* Problem to solve: The answer must be only the lines below from the one holding "I will enter" down to the one holding "So that's all", ends included, printed exactly; please omit all pictures.

* The input:
################

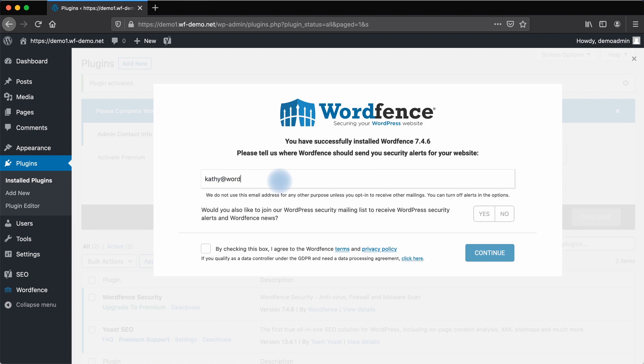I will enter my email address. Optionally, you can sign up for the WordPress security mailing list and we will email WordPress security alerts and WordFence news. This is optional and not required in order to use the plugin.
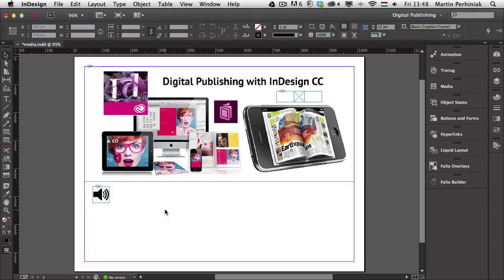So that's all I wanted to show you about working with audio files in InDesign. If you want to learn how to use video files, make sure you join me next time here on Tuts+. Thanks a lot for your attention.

################

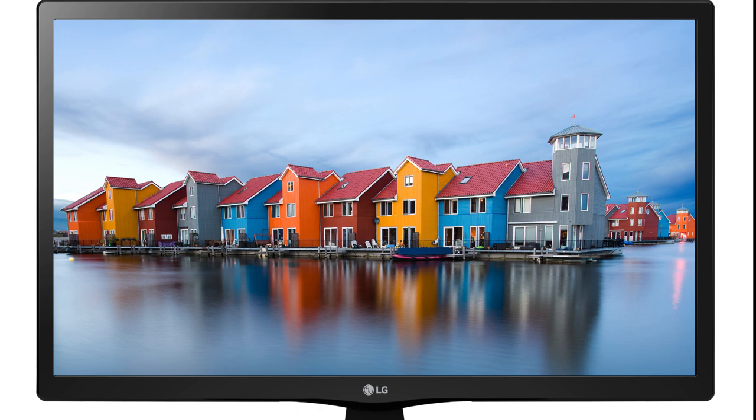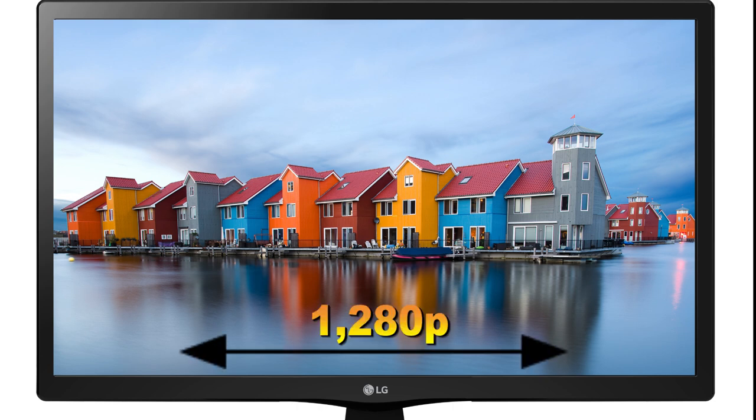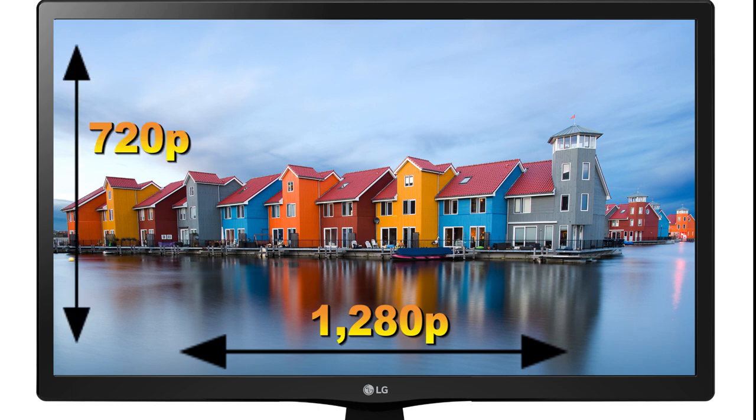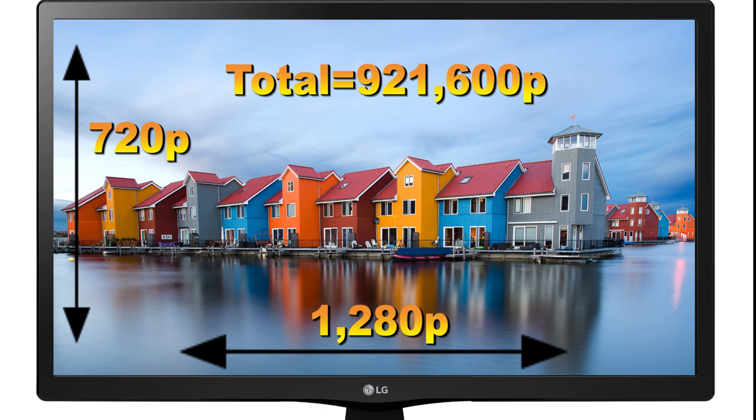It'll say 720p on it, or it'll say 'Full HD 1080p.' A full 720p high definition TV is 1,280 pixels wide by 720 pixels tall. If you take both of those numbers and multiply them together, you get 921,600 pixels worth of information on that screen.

################

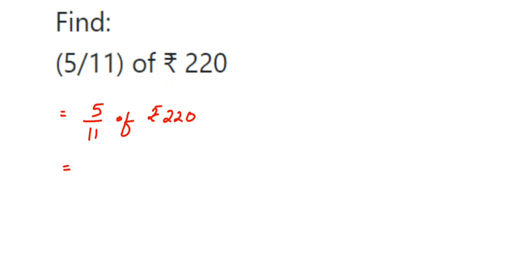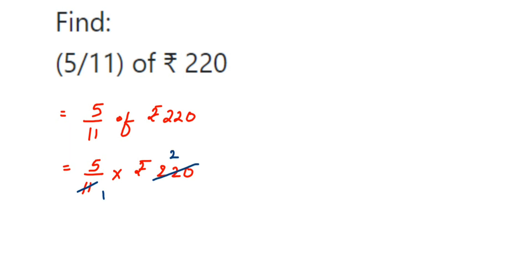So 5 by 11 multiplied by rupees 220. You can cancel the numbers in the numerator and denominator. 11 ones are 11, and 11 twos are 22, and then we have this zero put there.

################

* Solution to the problem:
I will enter my email address. Optionally, you can sign up for the WordPress security mailing list and we will email WordPress security alerts and WordFence news. This is optional and not required in order to use the plugin.
So that's all I wanted to show you about working with audio files in InDesign. If you want to learn how to use video files, make sure you join me next time here on Tuts+. Thanks a lot for your attention.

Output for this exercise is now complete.